====== Materials provided ======
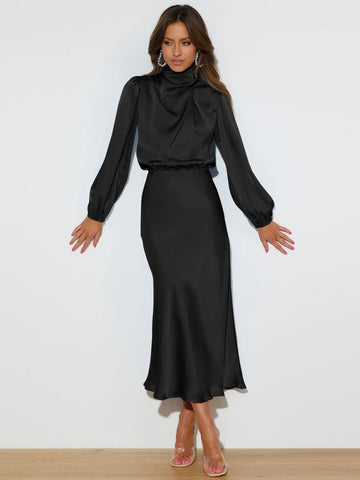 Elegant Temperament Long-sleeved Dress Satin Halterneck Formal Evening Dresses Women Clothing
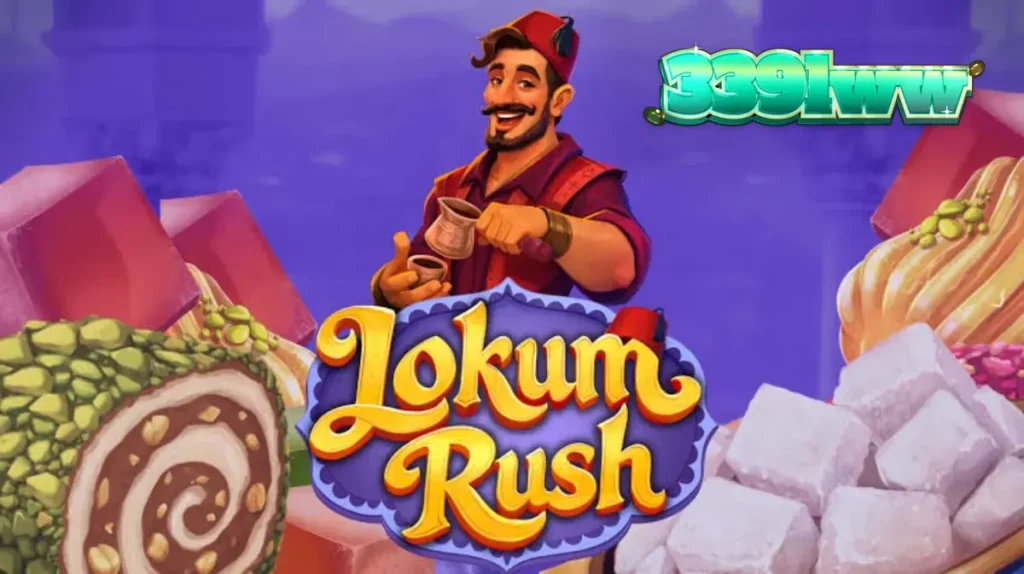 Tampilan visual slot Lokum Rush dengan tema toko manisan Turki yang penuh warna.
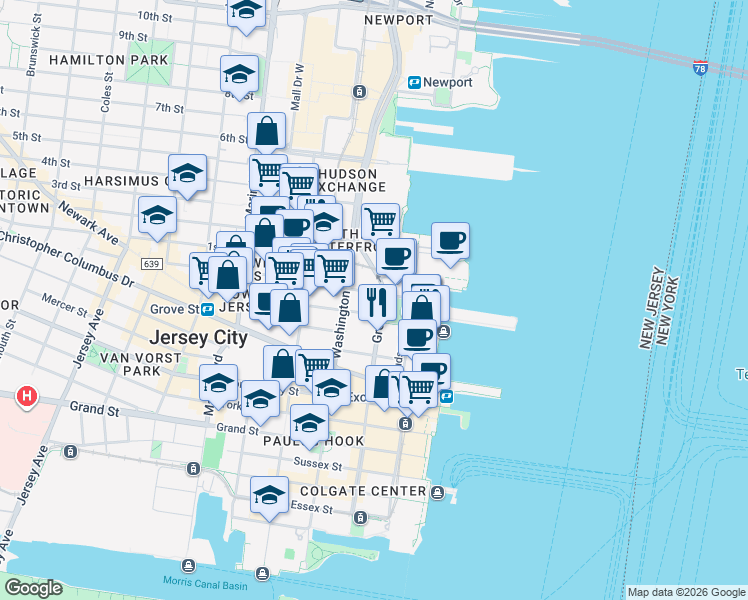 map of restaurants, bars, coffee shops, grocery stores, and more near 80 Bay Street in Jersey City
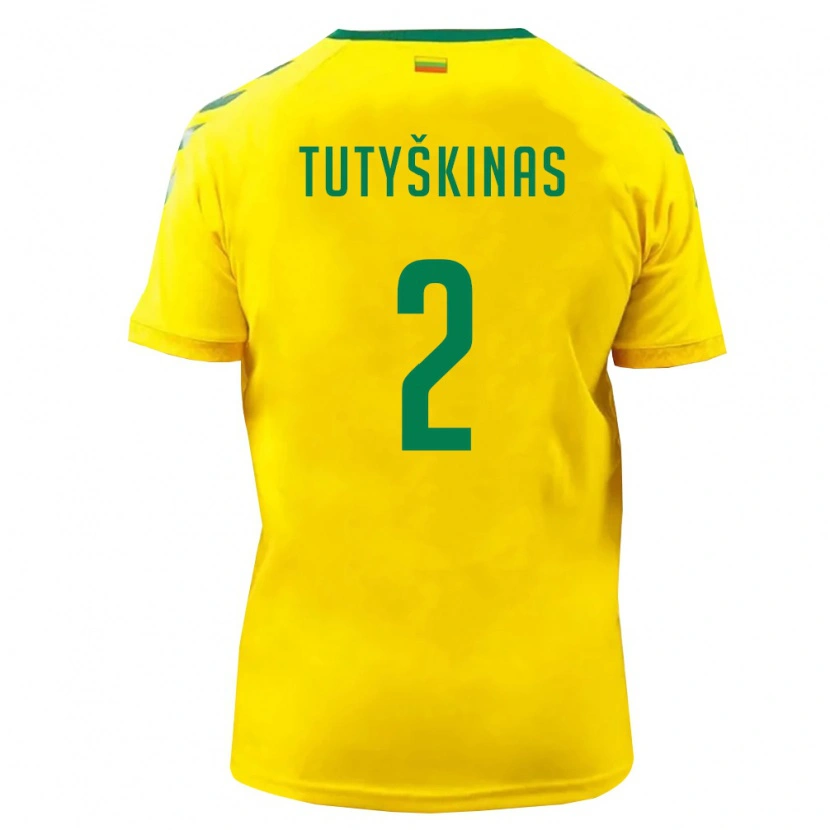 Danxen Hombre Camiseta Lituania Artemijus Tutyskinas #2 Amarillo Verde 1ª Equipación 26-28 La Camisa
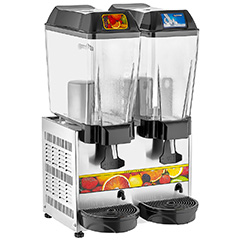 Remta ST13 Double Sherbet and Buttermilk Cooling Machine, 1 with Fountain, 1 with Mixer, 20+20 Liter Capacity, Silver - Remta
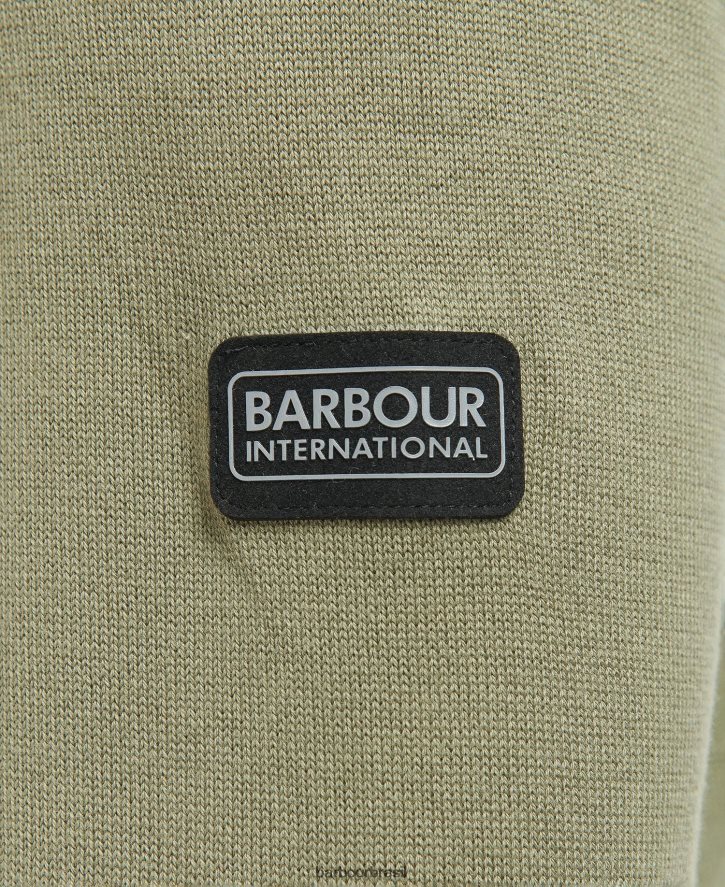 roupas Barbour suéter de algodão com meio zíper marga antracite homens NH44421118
======
====== Materials provided ======
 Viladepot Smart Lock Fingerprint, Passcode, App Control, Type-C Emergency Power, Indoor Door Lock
======
_Task directions_
Nothing but the lines from the one with "Elegant Temperament Long-sleeved" up to and including the one with "roupas Barbour suéter" should be printed, exactly as they read above. Please keep the pictures out.

_Result of the exercise_
 Elegant Temperament Long-sleeved Dress Satin Halterneck Formal Evening Dresses Women Clothing
 Tampilan visual slot Lokum Rush dengan tema toko manisan Turki yang penuh warna.
 map of restaurants, bars, coffee shops, grocery stores, and more near 80 Bay Street in Jersey City
 Danxen Hombre Camiseta Lituania Artemijus Tutyskinas #2 Amarillo Verde 1ª Equipación 26-28 La Camisa
 Remta ST13 Double Sherbet and Buttermilk Cooling Machine, 1 with Fountain, 1 with Mixer, 20+20 Liter Capacity, Silver - Remta
 roupas Barbour suéter de algodão com meio zíper marga antracite homens NH44421118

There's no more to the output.